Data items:
* * *
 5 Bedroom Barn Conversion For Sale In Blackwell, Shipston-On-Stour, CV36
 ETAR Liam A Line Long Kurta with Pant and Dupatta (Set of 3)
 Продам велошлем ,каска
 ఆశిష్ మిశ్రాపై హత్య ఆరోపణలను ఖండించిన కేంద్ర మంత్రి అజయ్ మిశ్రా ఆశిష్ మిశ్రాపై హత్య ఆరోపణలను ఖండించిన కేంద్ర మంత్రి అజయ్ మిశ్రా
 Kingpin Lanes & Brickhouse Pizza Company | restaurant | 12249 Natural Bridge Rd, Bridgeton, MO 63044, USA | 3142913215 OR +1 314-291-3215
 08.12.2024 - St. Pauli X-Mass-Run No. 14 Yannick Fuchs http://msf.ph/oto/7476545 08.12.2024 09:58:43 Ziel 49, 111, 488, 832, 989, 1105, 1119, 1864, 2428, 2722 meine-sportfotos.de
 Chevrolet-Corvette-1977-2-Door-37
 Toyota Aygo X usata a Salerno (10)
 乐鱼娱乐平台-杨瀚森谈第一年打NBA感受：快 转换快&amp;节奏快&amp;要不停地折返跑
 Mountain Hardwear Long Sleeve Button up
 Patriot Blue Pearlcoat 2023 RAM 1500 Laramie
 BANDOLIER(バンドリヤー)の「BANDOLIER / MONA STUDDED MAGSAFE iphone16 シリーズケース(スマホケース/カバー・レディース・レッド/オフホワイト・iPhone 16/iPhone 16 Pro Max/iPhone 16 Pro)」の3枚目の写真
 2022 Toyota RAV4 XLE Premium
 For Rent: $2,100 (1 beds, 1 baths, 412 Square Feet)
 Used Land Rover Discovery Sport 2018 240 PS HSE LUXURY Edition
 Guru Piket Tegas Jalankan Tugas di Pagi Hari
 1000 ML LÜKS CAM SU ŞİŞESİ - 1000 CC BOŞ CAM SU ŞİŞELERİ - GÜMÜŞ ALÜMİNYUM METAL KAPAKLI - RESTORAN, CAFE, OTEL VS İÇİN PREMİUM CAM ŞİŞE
* * *
__Task__. Only the final stretch of the entries above is needed: print exactly the lines from the line containing "Used Land Rover" through the last one.

__Solution to this task__.
 Used Land Rover Discovery Sport 2018 240 PS HSE LUXURY Edition
 Guru Piket Tegas Jalankan Tugas di Pagi Hari
 1000 ML LÜKS CAM SU ŞİŞESİ - 1000 CC BOŞ CAM SU ŞİŞELERİ - GÜMÜŞ ALÜMİNYUM METAL KAPAKLI - RESTORAN, CAFE, OTEL VS İÇİN PREMİUM CAM ŞİŞE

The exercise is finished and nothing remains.